Another myth trumpets that Ultra turned German signal traffic into an open book throughout the war. Not so, Hastings counters. As late as the fall of 1944, Bletchley’s wonder boys and girls managed to read only between 15 percent and 24 percent of Wehrmacht communications. What’s more: “Many decodes of all kinds were achieved too slowly to influence events on the battlefield.”
Still, the patriot in Hastings can’t quite resist waxing lyrical: “Bletchley was one of the most remarkable institutions the world has ever known, and one of the greatest achievements in British history.” The D-Day invasion, he says, “owed much to Ultra,” as did America’s naval triumph in the Pacific.
For all its focus on the Anglo-American brotherhood, “The Secret War” also covers the whole front from the French and Dutch resistance to the German Abwehr and the Soviet NKVD. Like the rest, these chapters blend first-rate reportage, finely chiseled portraits and in-depth research. They brim with true tales of sacrifice and petty-mindedness, miraculous breakthroughs and cynical betrayal.
The Soviets weren’t as good at the decrypt game, but much better than the Anglos at “humint,” traditional spycraft, especially when Stalin turned on the United States and Britain, his indispensable allies. The chapter on the Soviet penetration of the Manhattan Project offers compulsory reading on the beastly ways of power politics.
Lodged in many minds are the Rosenbergs as starring players who would be executed in 1953 for betraying nuclear secrets to the Soviets. Yet at best, Julius Rosenberg was a gofer, “among the less dangerous Soviet agents.” The story actually begins in London in 1940 when Donald Maclean, one of the Cambridge Five, dispatched 60 pages on Britain’s nuclear research to Moscow. At that point, England was far ahead of America.
While Franklin Roosevelt made nice to “Uncle Joe” Stalin, the NKVD launched an epic spy war against their good American friends. By early 1943, a flood of nuclear secrets was reaching Moscow. A Dupont scientist, code-named “Mar,” alerted the Soviets to the potential of a plutonium-based bomb.
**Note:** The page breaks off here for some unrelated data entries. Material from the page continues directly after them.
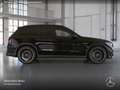 Mercedes-Benz GLC 63 AMG GLC 63 4M NIGHT+360+AHK+LED+SPUR+TOTW+KEYLESS+9G Schwarz - thumbnail 22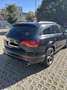 Audi Q7 3,0 TDI V6 quattro DPF Tiptronic - thumbnail 4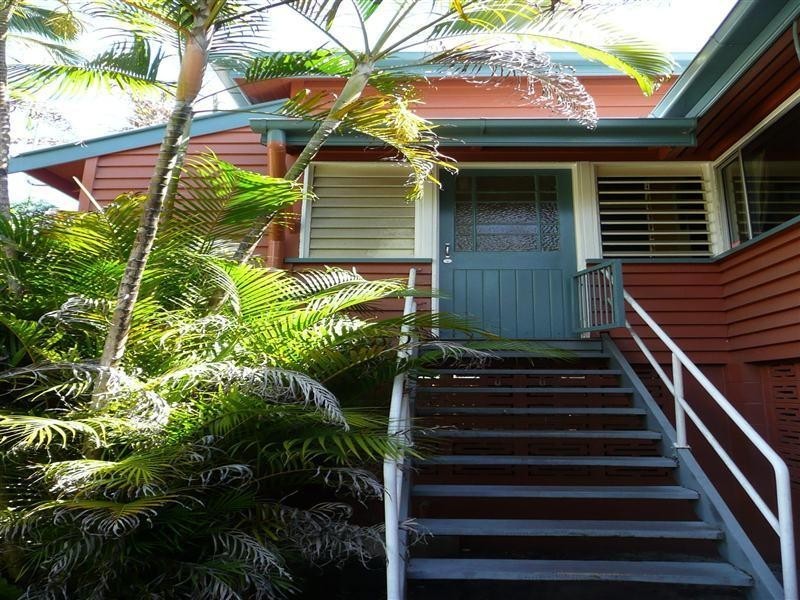 15 O’Leary Street, Cairns QLD 4870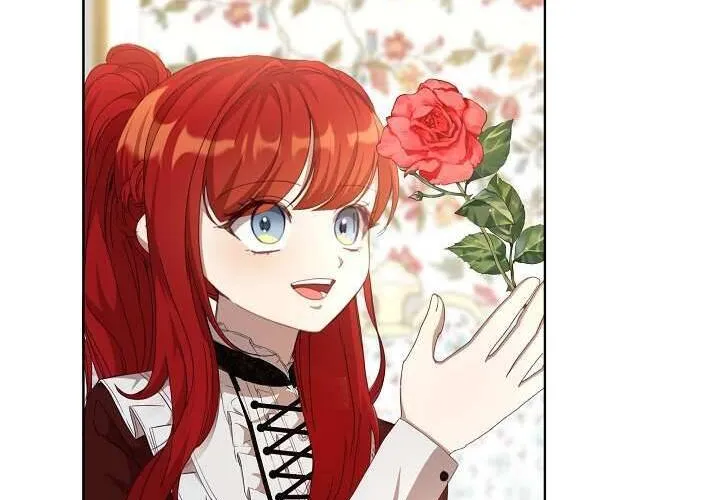 Tôi Đã Vô Tình Quyến Rũ Em Trai Của Nam Chính Chap 24 - Next Chap 25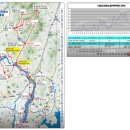 밀양댐문화관 | 2026 낙동강 울트라 마라톤 대회 신청 정보 (+코스 상세후기)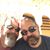Ron Logan's profile image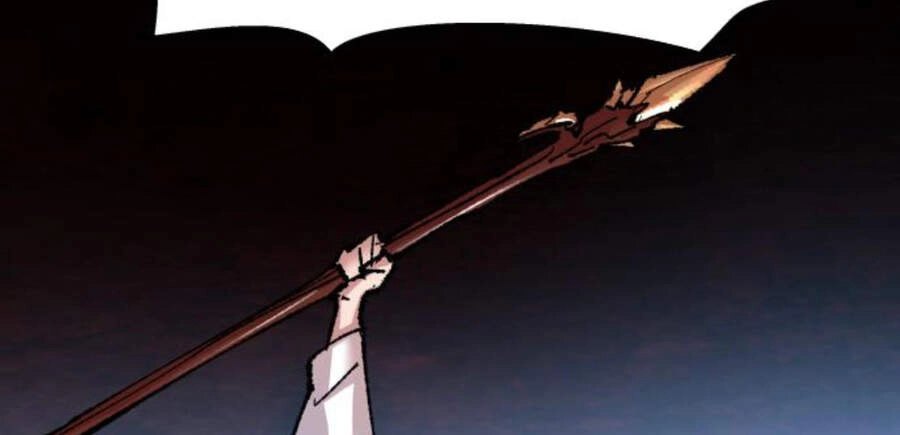 Phá Bỏ Giới Hạn Chapter 49.5 - 217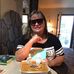Carrie Patterson - Facebook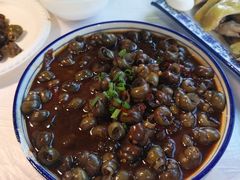-洞天食府(北大街店)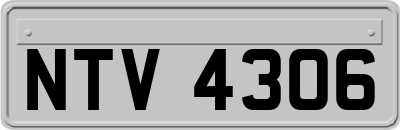 NTV4306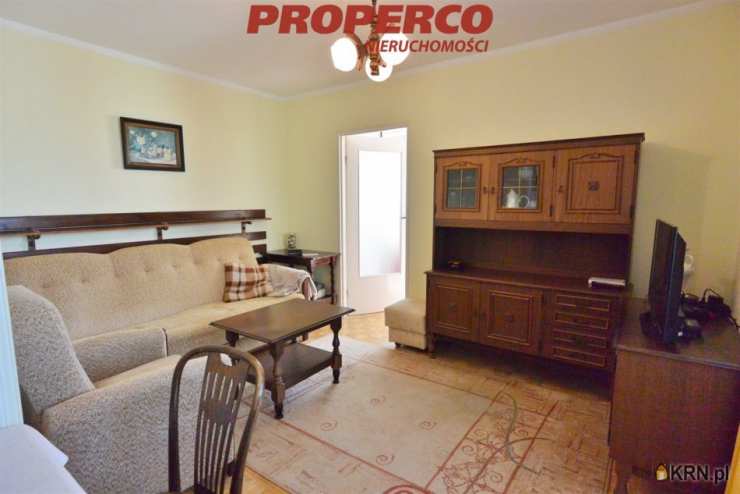 Mieszkanie  do wynajęcia, Kielce, Barwinek, ul. , 2 pokojowe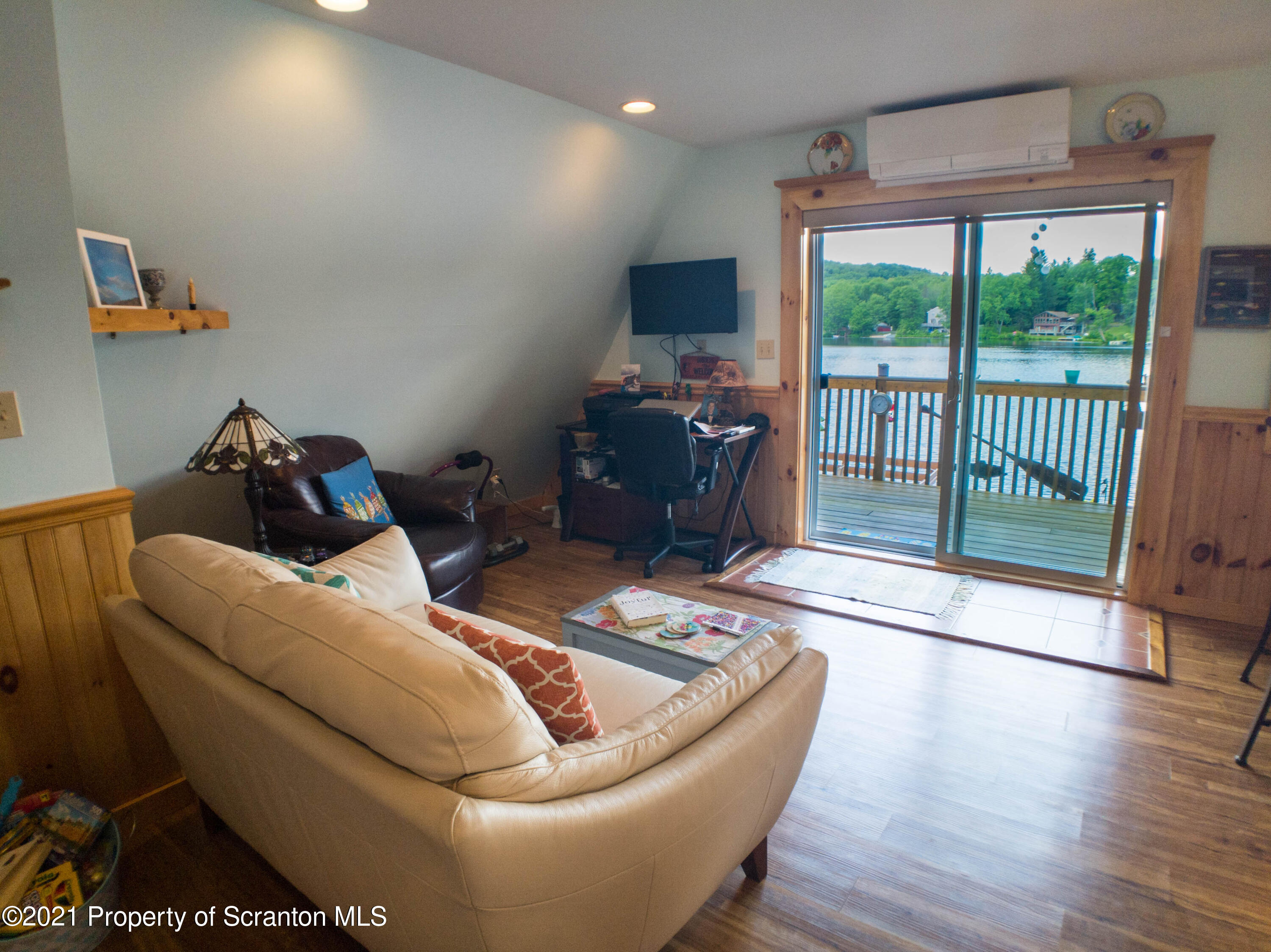 472 Lake Road Susquehanna, PA 18847 - Photo 11 of 28 Gallery Image 11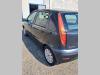 Fiat punto Photo 5 thumbnail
Twelve days before the first American device was assembled, the Italian-born physicist Bruno Pontecorvo delivered the design to the NKVD rezidentura in Washington. Four years later, Stalin had his own bomb. Pontecorvo, having defected, died peacefully in his Moscow bed in 1993.
“The Russians had triumphed in the intelligence war,” Hastings’s ironic commentary notes. “Not against the fascist enemy, whose defeat was supposedly the common objective of the Second World War, but against their supposed ally, the United States.”
What’s next? “Humint,” the stuff of Benedict Arnold and Mata Hari yarns, is no longer at center stage. Now it is space-based surveillance, algorithms and Big Data — cyberwarfare, in short. The “secret war” of Hastings’s title was but prologue. “Cyberwarfare,” he argues, “is a logical evolution of the process” that began in World War I and “expanded vastly” at Bletchley Park and elsewhere in World War II.
Compared with today’s N.S.A., Bletchley was a cottage industry. So is cyberwar the future? Yes. But Hastings has it right when restating a far older truth. “Knowledge of the enemy’s motions” doesn’t win wars. It takes “soldiers, sailors and airmen to defeat him on the battlefield.” Moses’ spies were very good, but it took Joshua’s army to conquer the Promised Land.
Josef Joffe teaches foreign policy at Stanford, where he is a fellow of the Institute for International Studies and the Hoover Institution. His latest book is “The Myth of America’s Decline.”